I threw down a 12-12-12 fert about 2 weeks ago, and put down some milogranite yesterday thinking maybe the little extra Nitrogen would push the growth faster to get these blades out, but doesn't explain why I still see them in the summer months also. Soil temps around the Chicago area have been 48-55F over the last few weeks also. 
Maybe this is normal with the type of grass I have...... that's why I am asking the pros on here :thumbup:


----------



## Girls4green-beginner (Sep 21, 2020)

You need to thatch


----------



## bodean (Aug 21, 2020)

Girls4green-beginner said:


> You need to thatch


My neighbor has a power rake / dethatcher. Ill ask to borrow it. Is it too early in the season to do it? I've read that it should be done in the fall for cool season, and not to fertilize the lawn for at least 45 days prior to dethatching. Because I fertilized recently I am thinking detaching the lawn now would interfere with the fert applications and I will have to reapply? I just have noted that the lawn was Aerated in the Fall.


----------



## Girls4green-beginner (Sep 21, 2020)

No you need to get thatch up so fertilizer can contact soil and not rotting grass. I've thatched after fertilizer and it just drops down.


----------



## davegravy (Jul 25, 2019)

Girls4green-beginner said:


> You need to thatch


I've heard a few people have issues with running the power rake too early during spring greenup and really stunting their grass.
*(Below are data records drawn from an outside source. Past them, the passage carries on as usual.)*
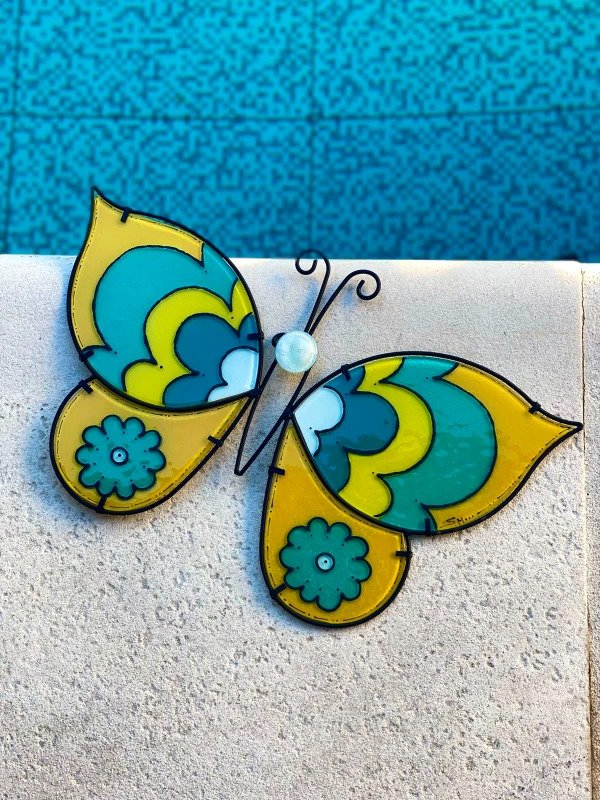 Producto - DANA DOBLE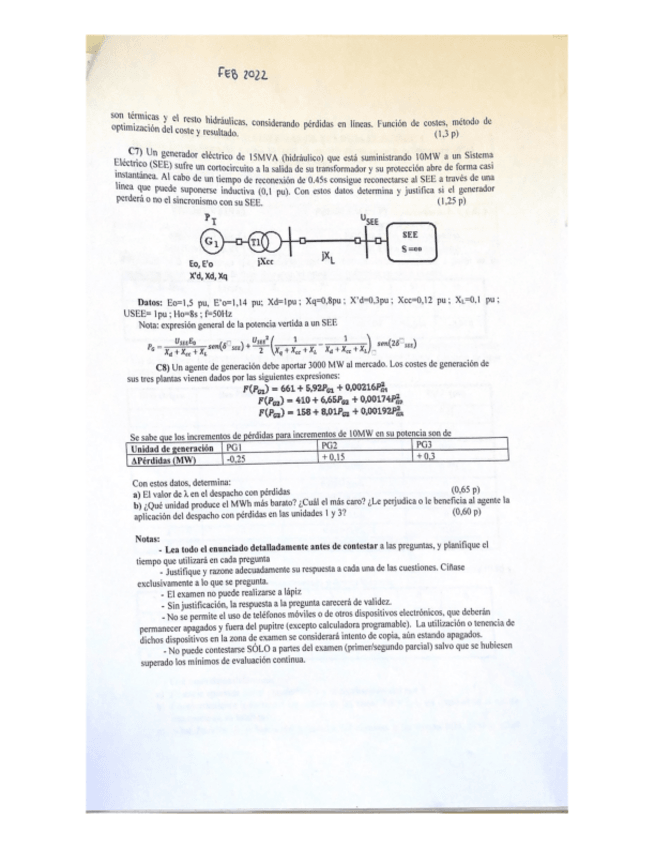 Miniatura del documento 2PFEB2022SEE.pdf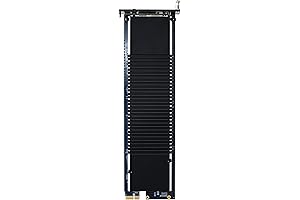 Teradek 10-2873 Prism 873 4K 10-Bit HEVC/AVC 12G-SDI Decoder Card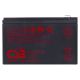 2. CSB GP1272F2 12V 7.2Ah battery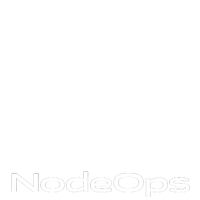 NodeOps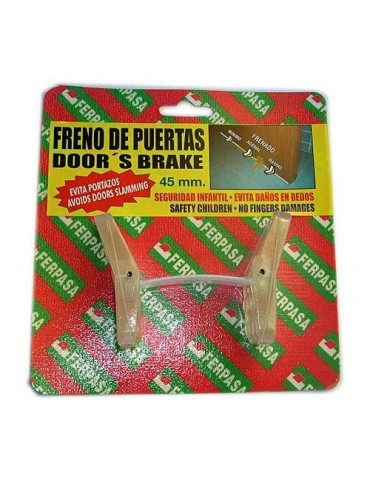 FRENO PUERTA DE 45 13151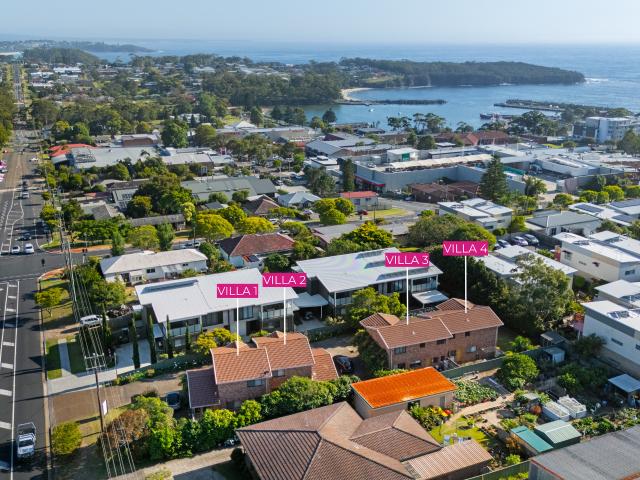 Property for sale in Ulladulla, New South Wales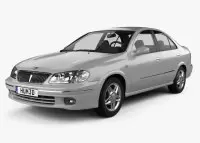 NISSAN SUNNY habillage tableau de bord | Décoration Tableau
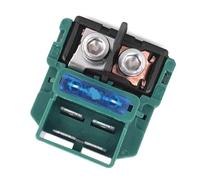Starter Solenoid Relay For CBR500R/RA 2013 2014 2015 2016 For CB600F/599 2004 2005 2006 Motorcycle Starter Solenoid Starting For Relay OEM:35850-KCN-000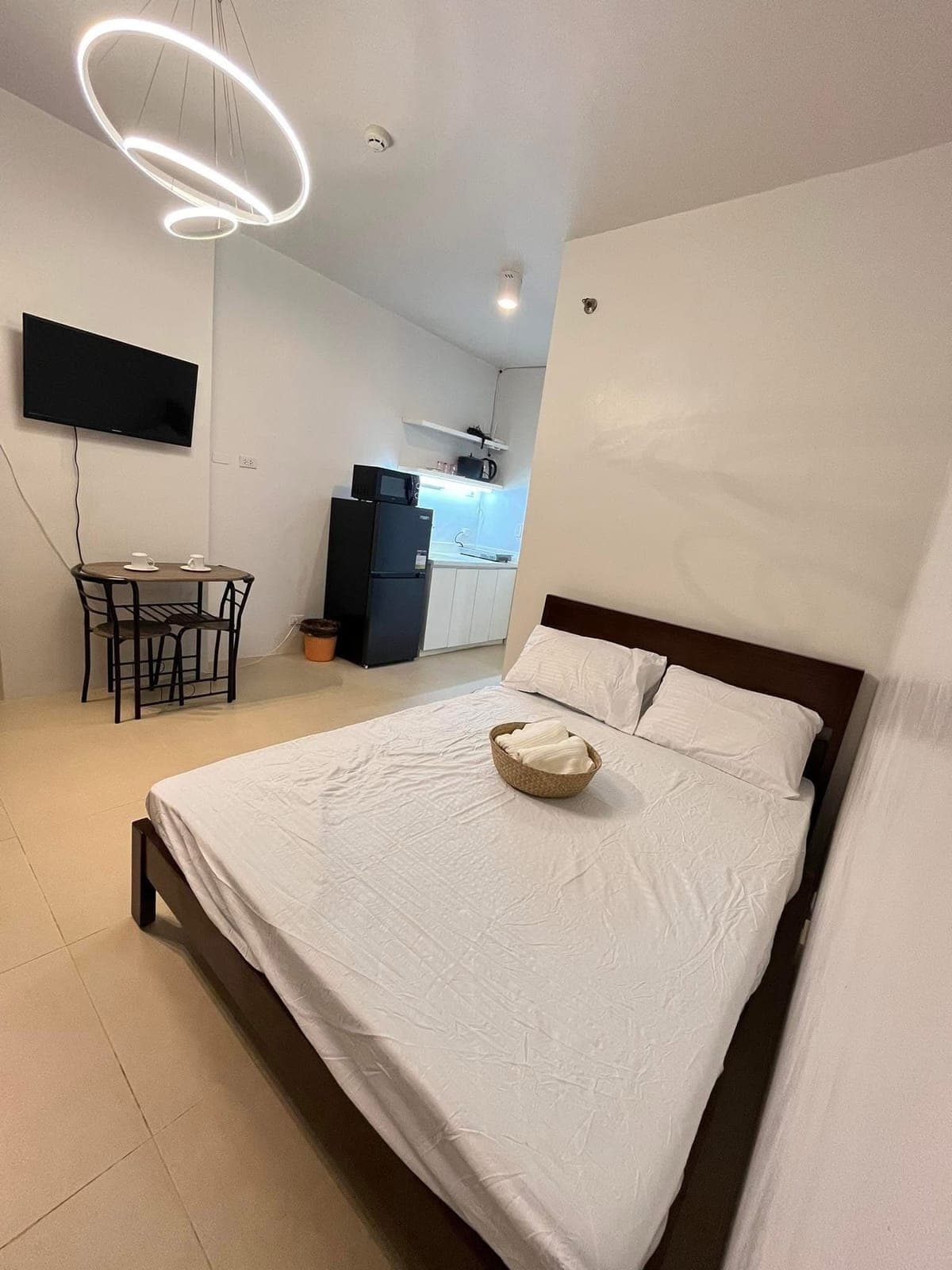 🚩WE ACCEPT ➖ Monthly, Yearly - photo 8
Make sure things are growing very well before attempting this. Also be aware the difference between thatch and lawn debris which is often misunderstood. Make sure you know which problem you have.

Matted down dead grass is the latter and doesn't need as deep a power raking. Thatch is at root level, it's a rootball. Requires a deeper raking /scarifier. Warning: deep intrusions into your soil risks breaking your pre emergent barrier.


----------



## bodean (Aug 21, 2020)

davegravy said:


> Girls4green-beginner said:
> 
> 
> > You need to thatch
> ...


Forgot about the pre emergent barrier (put that down 2 weeks ago. So I guess I either do nothing, or use the green works 14" DETHATCHER I have on its lowest setting and dethatch and reapply everything again, or maybe not use the lowest setting and use it to take up the dead/matted grass? I did a gentle raking by hand a few weeks ago.


----------



## moedank (Sep 10, 2019)

Looks like fescue mixed in with some left over winter dormant/dead grass blades. Not technically thatch. I did a light "dethatching" on a couple of light brown areas in my fescue yard, which have greened up well over a two week period. Used a Sun Joe dethatcher on the highest from the ground setting, which still may have been overkill. Light or moderate raking should suffice. You could also cut the grass a little shorter than usual once or twice while it's still early in the spring to help remove it.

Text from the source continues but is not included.